Our destination lay east of Anchorage, across the waters off of the small community of Whittier, and up a short hike to the Lawrence Glacier. Moderow has been visiting the site for years for recreation and now to track the stunning blue and white glacier’s painful retreat. He describes watching the glacier “deflate like a balloon.” The less glacier ice there is, the less water there is for human use.
We’re joined by glaciologist and geophysicist Emily Baker, who explains that it is normal for glaciers to melt, but there should be enough cold and snow to replenish it “were we in a stable climate, but we’re not in a stable climate it turns out! Who knew?! It turns out, everyone knew.”
Baker recently left her dream job of nine years working at the U.S. Geological Survey studying glaciers in Alaska — a victim of Elon Musk’s so-called Department of Government Efficiency, or DOGE.
The Lawrence Glacier near Whittier, Alaska, is disappearing as a result of global warming, on Aug. 18, 2025. Alaska’s glaciers are melting faster than anywhere else in the world. Antonia Juhasz
“There are people who think we can continue to have a free lunch,” Moderow says, extracting, producing, and burning fossil fuels without devastating harm. Baker adds, “They forget that we’re in an ecosystem we depend upon.”
Dagger to the Heart
Trump’s executive order directs federal agencies to open the Arctic National Wildlife Refuge to oil and gas drilling and expand drilling in the Western Arctic area designated as the National Petroleum Reserve-Alaska, undoing hard-fought victories won during President Joe Biden’s administration that protect native communities and sensitive areas from further harm.
At a press conference, Alaska’s Republican Governor Mike Dunleavy praised Trump while taking partial credit for drafting the executive order. His Department of Natural Resources commissioner, John Byole, said Trump finally ended Biden’s “war on Alaska” that sought to impose a “radical ideology” on the state, freeing Alaskans from “wine and cheese eating environmentalists in Seattle or San Francisco or some other terrible city that wants to impose their agenda on us.”
Since January, the Trump administration has moved swiftly to enforce the order with provisions included in the budget reconciliation bill, also known as Trump’s “Big Beautiful Bill,” and administrative actions. In June, Trump dispatched his secretaries of the Interior, Energy, and the Environment Protection Agency to Alaska to promote the projects and policy changes.
Kristen Moreland, executive director of the Gwich’in Steering Committee, tells me that the proposal to open the Arctic National Wildlife Refuge to oil and gas is “a dagger in the heart” of her entire native community.
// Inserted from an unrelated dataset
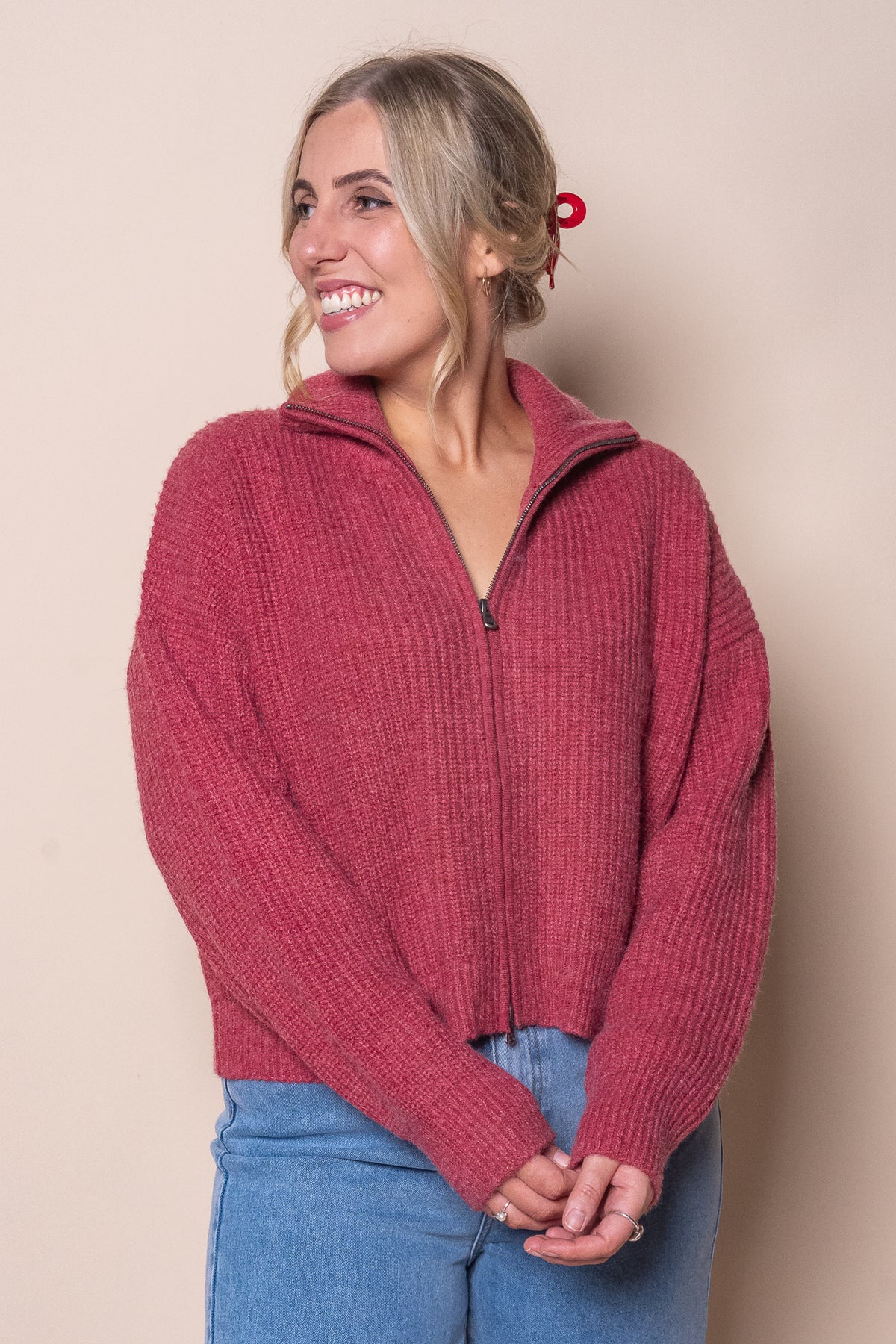 Bridie Knit Zip Through in Berry - All About Eve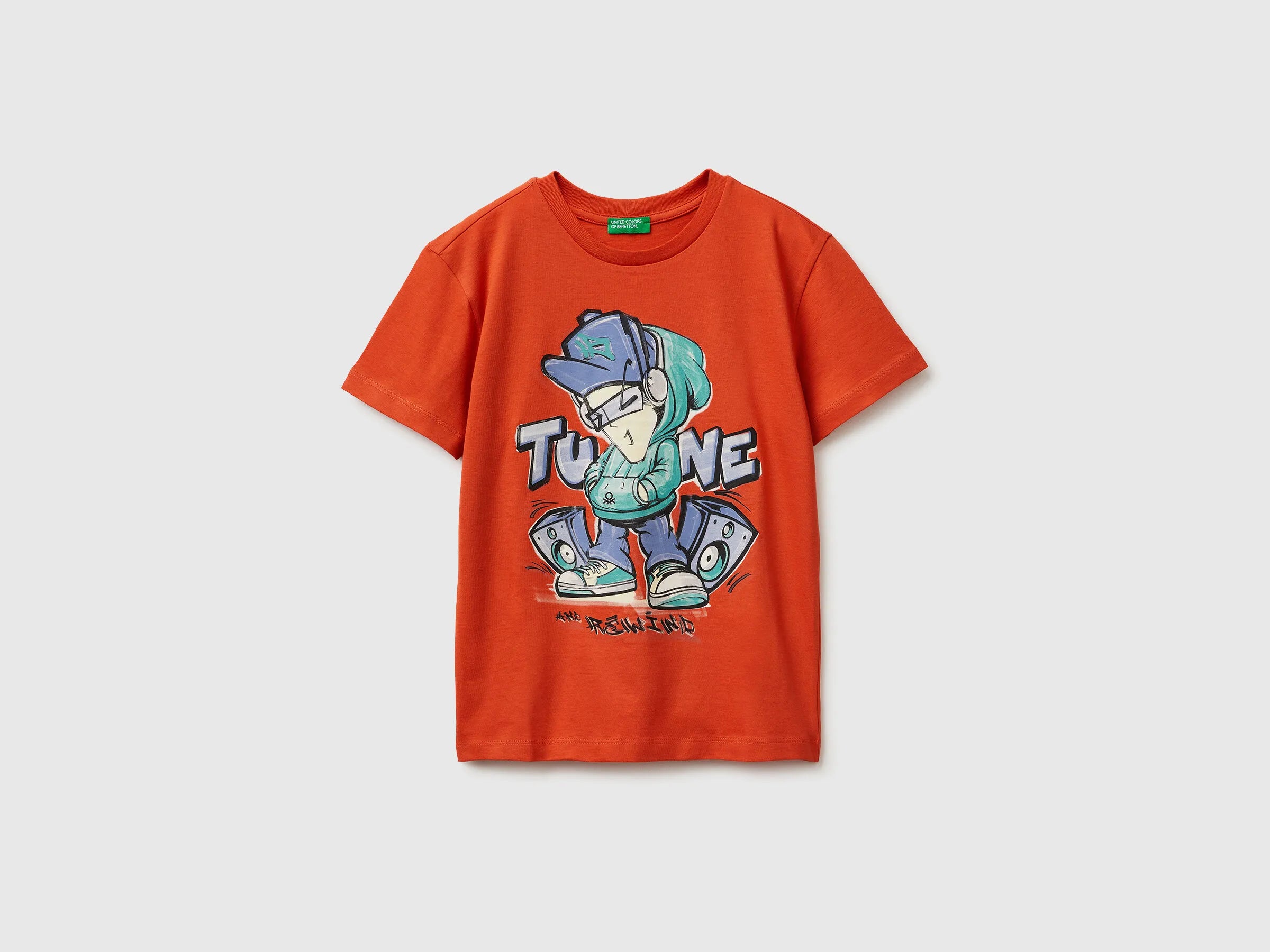 Benetton Red Boys Organic Cotton Printed T-Shirt SKU: 3I1XC10SJ_34Y Image 01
“All of these horrible projects that we’ve been working to stop with thousands of Alaskans following tribal leadership to protect these lands” is now once again under attack by Trump, says Enei Begaye, executive director of Native Movement. Begaye is of the Diné and Tohono O’odham nations and founded the Anchorage-based nonprofit advocacy organization over 20 years ago with her partner, then chief of his Gwich’in tribe.

Enei Begaye, executive director of Native Movement, based in Anchorage, Alaska.
Trump’s order singles out the Alaska LNG Project, the proposed 800-mile pipeline and export plant, for special promotion. Liquified natural gas, or LNG, is gas processed into a liquid for transport. The order calls for “expedited permitting and leasing” and the “prioritization of the development” of Alaska’s liquified natural gas potential, “including the permitting of all necessary pipeline and export infrastructure related to the Alaska LNG Project.”
The U.S. is already the world’s largest exporter of liquified natural gas, with exports reaching an all-time high in August. This has reduced domestic supplies of gas and increased costs, driving a surge in home power bills across the nation. Trump’s rampage against renewable energy has already made wind and solar more difficult to use and expand, pushing electricity rates up even higher for American families.
“It’s outrageous insanity,” Begaye says of Trump’s LNG proposal. In an op-ed in the Anchorage Daily News, she joined leaders of several other Alaskan organizations to denounce the project, writing, “New pipelines and more fossil fuel extraction are not answers to any of the crises we face.”